Data extracted from a collection:
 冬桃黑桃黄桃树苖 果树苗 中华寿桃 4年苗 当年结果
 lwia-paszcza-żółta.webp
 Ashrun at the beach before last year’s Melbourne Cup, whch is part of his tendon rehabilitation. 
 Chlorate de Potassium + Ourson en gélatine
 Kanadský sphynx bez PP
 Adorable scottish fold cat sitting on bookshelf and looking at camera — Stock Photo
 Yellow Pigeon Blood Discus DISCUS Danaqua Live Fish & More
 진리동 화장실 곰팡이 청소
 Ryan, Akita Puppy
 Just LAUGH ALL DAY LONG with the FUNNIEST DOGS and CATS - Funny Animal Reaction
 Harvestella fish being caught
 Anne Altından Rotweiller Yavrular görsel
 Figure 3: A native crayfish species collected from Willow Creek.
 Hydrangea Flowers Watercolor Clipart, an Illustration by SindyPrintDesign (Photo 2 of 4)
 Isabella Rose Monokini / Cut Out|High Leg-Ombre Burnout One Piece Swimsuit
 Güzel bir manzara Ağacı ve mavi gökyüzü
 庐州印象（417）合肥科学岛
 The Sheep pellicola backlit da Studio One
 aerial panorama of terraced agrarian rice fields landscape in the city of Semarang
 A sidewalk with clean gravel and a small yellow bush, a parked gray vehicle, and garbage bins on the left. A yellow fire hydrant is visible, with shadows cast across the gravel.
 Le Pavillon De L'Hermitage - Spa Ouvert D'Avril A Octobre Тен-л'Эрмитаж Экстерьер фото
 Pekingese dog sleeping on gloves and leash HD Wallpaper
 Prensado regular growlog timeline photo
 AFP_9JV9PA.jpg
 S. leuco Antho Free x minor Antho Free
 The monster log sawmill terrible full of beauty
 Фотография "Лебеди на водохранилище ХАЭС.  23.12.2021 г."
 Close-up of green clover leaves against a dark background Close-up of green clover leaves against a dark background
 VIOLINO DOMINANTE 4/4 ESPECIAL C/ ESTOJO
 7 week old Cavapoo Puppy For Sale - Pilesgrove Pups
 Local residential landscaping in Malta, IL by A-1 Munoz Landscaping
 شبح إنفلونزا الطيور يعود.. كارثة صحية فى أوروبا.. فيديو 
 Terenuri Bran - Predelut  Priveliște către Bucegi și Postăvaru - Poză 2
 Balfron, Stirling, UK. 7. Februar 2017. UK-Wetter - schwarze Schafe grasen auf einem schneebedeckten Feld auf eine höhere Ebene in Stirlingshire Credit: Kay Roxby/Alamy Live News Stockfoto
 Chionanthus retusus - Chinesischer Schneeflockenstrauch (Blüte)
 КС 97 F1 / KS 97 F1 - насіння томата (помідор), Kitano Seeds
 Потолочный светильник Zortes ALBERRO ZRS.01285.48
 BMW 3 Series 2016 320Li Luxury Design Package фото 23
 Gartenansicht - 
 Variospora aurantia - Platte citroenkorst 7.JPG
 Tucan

== Directions ==
Above are the records. Copy the lines beginning at the one that has "aerial panorama of" and ending with the one that has "Le Pavillon De", unchanged.

== Answer to the problem ==
 aerial panorama of terraced agrarian rice fields landscape in the city of Semarang
 A sidewalk with clean gravel and a small yellow bush, a parked gray vehicle, and garbage bins on the left. A yellow fire hydrant is visible, with shadows cast across the gravel.
 Le Pavillon De L'Hermitage - Spa Ouvert D'Avril A Octobre Тен-л'Эрмитаж Экстерьер фото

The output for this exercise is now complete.